Sunday morning in München




Oh dear…the empties from last night remain on the coffee table. I was quite attracted to the idea of Becks Green Lemon until I tasted it and found it was lager and lime!




Time for a brisk walk then, past the statue of Juliet.  No surprises which part of her anatomy is polished by her devotees, I guess.




We walk through the Marienplatz once again and whilst my hero taps into the ATM, I notice the wall painting on the department store opposite, which reminds me of The Paradise rather.




I’m glad to see the window dresser in the next store utilises all the same tricks I teach my students about display and promotion: repetition, varying heights, colour themes and triangular arrangements.  How lovely to see the traditional window displays rather than the corporate installations for a change.




The geraniums are past their best but still putting on a pretty good show.




But the empty bottles in the fountain need to be cleared up.  It amuses us to see them dancing around the pump housing, however, and we watch as they swirl around in the current.

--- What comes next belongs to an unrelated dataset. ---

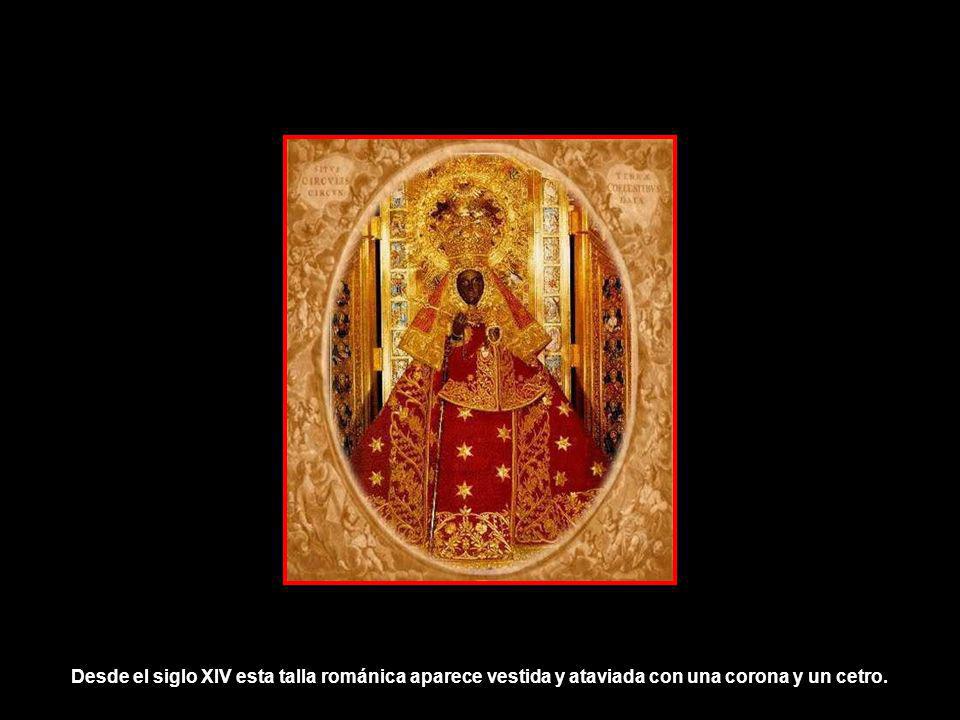 Desde el siglo XIV esta talla románica aparece vestida y ataviada con una corona y un cetro.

The Michaelmas Daisies are looking really pretty in the sunshine and though they’re not a favourite of mine – I find them a bit shaggy and messy – I rather like the spot of colour in this rather dark corner.




A little further on, we come to the route of the München Marathon, which is this morning.  The individual drinks are being set out on tables in the street, ready for the runners to grab them as they pass.  It’s fun to see what imaginative ways people have come up with to make their bottle stand out – some have balloons tied to them, others have plastic flowers…one simply says “Helmut” on it.  Oh my, in 20 000 runners, I hope the correct Helmut finds his drink!




The salsa drummers are creating quite a noise down the street, but their energy is contagious and we tap our feet as we listen.  The runners will be here soon.




The official measurer rides past on his bicycle.




Oh, here he is, the first man…we stand and applaud as he runs past us, first in one direction and then, having gone around a small triangular block of buildings, comes past us again in the opposite direction.




By the time we are back in Marienplatz, there are more runners.  Their steps are more laboured, their movements appear less comfortable and we can sense their weariness in spite of the determination on their faces.  I’m not sure that our applause helps much, but we do our best to cheer them on their way.




But we can’t linger any longer because we have a lunch date!